Cynicism is yet another great obstacle to our attaining spiritual insight, for it leads us to look at everything and everyone in a squinted way, with a sort of spurned regard.
Cynicism is inclined to harden our hearts and to lead us to live with a severely restricted field of vision – seeing everything from our own little corner, a self-centred perspective.
A cynical person will be a highly critical person; he or she will be someone who is largely devoid of trust and quite negative in outlook. Cynical persons’ vision of reality will often be skewed. Cynical people are men and women whose hearts have become poisoned and embittered – usually through past hurts in their lives which have never been worked through properly, reconciled with and thus healed. Cynics are very self-defensive and harshly judgemental people. They are not at all positive in their assessments of others. They are hardly likely to be supportive, benevolent and trusting in regard to people around them; they won’t be confidence-inspiring, nor will they be kind and generous in their dealings with others.
Evidently from what we read in both texts proposed to our meditation this morning the seat of spiritual blindness, the place from which our vision is blurred, is the heart.
The whole of the Bible makes this point, coming to this conclusion from various angles. I think it would be fair to say that from the Bible’s perspective spiritual blindness is a heart complaint: a mixture of foolishness of heart and of hardness of heart.
In Biblical parlance and that of the great Christian tradition the heart is the centre of our being; it is who we are. Just as the tradition can speak of the ear of the heart so too we can think of the eye of the heart. In a well-known gospel passage Jesus speaks about how we look upon a person with the eye of our heart. The whole point of Jesus’ teaching is that He wants all of us to see others as He regards them. We are told in the gospels how Jesus looked upon others: He looked upon him and loved him. This little phrase sums up Jesus’ whole regard upon other people. Christ’s regard upon others was and still is benevolent and well-intentioned; Jesus looked upon others with pity and compassion, with mercy and kindness.
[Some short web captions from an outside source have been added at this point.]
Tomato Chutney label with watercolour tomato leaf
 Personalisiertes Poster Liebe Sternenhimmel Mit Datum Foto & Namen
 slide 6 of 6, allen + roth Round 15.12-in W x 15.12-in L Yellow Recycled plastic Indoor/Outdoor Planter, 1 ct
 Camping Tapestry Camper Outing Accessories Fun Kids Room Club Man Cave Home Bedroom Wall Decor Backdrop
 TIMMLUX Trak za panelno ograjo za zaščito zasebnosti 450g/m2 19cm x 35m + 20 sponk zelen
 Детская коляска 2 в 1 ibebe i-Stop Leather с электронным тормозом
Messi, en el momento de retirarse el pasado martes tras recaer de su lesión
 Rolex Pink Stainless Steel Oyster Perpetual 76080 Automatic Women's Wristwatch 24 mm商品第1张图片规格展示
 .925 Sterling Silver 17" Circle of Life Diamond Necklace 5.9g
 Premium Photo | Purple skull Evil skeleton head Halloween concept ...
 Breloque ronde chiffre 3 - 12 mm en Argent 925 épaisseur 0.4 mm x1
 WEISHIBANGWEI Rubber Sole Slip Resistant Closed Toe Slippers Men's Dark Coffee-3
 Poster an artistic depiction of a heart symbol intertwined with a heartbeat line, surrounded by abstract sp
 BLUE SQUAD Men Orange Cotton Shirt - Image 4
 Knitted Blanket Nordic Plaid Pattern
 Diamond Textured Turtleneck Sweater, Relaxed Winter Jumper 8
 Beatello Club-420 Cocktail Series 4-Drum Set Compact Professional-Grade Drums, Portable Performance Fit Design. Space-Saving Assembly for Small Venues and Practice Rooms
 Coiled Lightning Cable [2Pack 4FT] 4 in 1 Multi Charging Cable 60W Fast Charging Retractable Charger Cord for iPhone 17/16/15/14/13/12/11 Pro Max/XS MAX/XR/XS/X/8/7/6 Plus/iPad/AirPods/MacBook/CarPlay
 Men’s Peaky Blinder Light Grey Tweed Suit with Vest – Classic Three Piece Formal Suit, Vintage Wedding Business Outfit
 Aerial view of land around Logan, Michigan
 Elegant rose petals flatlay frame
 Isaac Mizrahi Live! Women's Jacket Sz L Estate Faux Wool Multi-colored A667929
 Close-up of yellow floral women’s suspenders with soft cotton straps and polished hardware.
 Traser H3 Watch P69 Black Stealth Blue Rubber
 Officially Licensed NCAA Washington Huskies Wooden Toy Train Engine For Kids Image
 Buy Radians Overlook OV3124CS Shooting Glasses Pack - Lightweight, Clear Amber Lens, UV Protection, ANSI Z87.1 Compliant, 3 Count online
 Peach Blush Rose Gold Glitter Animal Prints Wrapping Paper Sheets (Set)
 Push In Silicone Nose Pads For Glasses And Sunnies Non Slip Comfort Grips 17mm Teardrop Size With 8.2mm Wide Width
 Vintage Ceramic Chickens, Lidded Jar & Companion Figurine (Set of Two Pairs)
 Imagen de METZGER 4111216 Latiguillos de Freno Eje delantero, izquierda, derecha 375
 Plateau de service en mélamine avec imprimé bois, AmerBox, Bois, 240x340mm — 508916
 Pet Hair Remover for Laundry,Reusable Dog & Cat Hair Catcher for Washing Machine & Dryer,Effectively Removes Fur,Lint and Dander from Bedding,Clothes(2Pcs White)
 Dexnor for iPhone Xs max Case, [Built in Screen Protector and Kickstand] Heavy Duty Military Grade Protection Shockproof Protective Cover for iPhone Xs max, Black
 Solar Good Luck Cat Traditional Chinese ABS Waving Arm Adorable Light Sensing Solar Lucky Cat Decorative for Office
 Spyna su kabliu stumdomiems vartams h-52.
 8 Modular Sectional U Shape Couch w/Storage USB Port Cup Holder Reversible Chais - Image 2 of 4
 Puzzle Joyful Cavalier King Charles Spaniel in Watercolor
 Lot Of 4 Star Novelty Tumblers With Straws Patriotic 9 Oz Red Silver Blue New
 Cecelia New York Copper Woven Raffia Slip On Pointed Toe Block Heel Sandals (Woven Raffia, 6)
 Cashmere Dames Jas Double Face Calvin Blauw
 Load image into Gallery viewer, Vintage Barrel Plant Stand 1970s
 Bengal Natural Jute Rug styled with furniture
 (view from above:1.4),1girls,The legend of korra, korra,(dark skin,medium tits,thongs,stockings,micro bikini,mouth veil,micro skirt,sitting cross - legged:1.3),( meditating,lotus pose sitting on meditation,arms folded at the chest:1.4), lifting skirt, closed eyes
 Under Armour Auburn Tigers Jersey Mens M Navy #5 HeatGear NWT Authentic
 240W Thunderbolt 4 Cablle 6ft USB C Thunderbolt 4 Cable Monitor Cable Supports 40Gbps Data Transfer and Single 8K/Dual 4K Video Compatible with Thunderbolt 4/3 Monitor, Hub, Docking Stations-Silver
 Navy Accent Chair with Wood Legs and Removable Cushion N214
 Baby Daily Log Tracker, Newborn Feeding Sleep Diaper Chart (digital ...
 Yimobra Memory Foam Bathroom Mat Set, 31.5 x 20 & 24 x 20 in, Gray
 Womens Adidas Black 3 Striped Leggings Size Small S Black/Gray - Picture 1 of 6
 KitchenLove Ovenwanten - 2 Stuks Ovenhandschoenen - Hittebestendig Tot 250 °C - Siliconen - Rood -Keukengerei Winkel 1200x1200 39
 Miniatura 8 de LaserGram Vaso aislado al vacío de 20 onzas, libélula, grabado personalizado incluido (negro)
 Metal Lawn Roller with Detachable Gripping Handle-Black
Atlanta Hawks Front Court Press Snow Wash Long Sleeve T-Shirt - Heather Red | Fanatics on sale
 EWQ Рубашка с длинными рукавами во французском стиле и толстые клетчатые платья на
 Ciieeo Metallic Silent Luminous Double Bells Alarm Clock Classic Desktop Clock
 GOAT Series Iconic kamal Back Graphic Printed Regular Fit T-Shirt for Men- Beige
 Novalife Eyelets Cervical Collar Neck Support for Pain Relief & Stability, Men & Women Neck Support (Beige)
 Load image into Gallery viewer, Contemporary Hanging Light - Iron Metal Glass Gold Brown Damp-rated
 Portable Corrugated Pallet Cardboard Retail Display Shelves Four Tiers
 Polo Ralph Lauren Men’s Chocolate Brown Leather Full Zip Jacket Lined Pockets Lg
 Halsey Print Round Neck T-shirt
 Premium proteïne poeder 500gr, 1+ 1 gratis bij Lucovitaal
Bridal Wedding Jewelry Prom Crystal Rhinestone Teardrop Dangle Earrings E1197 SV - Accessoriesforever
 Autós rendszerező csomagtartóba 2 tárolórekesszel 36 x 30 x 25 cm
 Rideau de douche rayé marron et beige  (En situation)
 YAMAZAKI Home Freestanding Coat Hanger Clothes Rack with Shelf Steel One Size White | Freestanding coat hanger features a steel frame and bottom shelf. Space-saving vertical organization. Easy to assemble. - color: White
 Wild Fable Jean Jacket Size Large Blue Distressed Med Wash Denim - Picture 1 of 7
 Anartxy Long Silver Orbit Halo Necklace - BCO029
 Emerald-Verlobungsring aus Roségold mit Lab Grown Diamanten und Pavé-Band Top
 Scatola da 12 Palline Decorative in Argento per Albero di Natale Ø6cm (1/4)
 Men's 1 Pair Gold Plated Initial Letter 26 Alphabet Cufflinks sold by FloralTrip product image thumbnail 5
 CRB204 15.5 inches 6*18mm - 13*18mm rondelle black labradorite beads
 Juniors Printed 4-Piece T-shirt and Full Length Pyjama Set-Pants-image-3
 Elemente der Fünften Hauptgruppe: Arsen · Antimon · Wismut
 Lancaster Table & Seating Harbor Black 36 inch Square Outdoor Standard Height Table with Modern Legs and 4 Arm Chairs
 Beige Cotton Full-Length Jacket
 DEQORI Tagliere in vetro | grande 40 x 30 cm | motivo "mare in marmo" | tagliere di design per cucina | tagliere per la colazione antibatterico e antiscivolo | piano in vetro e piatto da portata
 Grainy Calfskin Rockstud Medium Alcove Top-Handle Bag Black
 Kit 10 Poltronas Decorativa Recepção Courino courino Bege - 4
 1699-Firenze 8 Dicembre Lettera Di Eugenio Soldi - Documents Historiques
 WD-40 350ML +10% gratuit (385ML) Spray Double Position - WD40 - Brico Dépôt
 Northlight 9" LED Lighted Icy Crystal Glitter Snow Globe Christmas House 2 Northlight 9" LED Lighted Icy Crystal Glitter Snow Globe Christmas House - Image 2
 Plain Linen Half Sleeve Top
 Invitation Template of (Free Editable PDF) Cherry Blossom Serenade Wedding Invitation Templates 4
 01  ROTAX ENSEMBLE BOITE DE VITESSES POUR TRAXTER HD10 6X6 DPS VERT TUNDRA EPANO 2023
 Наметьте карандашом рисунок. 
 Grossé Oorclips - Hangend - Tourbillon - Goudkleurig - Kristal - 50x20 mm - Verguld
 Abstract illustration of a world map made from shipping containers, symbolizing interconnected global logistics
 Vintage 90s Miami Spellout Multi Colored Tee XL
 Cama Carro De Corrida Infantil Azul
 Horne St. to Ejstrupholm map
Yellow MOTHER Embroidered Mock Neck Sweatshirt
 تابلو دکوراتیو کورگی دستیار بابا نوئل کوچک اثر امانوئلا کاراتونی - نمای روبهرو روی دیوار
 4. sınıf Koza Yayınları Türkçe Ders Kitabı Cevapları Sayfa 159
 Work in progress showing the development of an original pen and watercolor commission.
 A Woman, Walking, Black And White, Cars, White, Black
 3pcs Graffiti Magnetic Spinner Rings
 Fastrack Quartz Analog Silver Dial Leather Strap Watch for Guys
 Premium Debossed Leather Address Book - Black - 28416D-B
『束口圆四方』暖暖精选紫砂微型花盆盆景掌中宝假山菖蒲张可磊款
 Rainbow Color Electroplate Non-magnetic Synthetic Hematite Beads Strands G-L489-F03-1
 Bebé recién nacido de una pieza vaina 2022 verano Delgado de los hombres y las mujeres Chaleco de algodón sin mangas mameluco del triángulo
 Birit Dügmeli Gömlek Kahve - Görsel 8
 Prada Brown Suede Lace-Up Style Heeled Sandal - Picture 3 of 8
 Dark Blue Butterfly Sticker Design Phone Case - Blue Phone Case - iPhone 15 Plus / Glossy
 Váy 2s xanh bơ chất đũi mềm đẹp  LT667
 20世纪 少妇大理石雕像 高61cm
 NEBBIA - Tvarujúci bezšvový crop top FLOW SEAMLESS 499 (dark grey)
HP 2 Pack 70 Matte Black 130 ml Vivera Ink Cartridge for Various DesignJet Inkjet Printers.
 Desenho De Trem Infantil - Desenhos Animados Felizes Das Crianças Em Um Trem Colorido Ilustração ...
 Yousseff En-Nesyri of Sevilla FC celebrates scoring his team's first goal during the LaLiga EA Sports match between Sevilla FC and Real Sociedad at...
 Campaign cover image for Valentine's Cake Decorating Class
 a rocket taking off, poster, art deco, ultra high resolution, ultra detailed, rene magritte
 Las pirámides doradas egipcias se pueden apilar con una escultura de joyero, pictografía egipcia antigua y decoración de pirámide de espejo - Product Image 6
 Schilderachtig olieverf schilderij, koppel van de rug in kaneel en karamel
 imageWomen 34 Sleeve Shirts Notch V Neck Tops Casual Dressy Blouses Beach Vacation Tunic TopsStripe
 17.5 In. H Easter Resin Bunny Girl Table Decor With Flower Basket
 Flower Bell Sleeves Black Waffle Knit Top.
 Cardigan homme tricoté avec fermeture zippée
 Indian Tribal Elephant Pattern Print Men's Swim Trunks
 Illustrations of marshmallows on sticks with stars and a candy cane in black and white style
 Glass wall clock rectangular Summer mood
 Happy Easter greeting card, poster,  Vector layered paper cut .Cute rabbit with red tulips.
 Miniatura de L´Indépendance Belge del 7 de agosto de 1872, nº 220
Let us dare to think of today’s gospel passage in its entirety with the challenge it presents to us. Let us think of today’s gospel story not just as we are used to calling it – the Good News story of the man born blind who was healed – but also as the sad story of those who refused to recognise their blindness and by their supposed clear-sightedness actually condemned themselves to stay engulfed in darkness. Averted by this story, let us pray for the grace we need to welcome Christ’s own vision of all things and every person – ourselves included.
During this Lenten season, which is a privileged time in which to welcome the Lord’s healing grace, may we allow ourselves to be cured of the blindness that holds us bound.
Jesus was sent to bring Good News, to offer liberty to captives, to restore the sight of those blinded by whatever it is that robs them of the gift we could all ask for ourselves this morning: the gift of spiritual insight.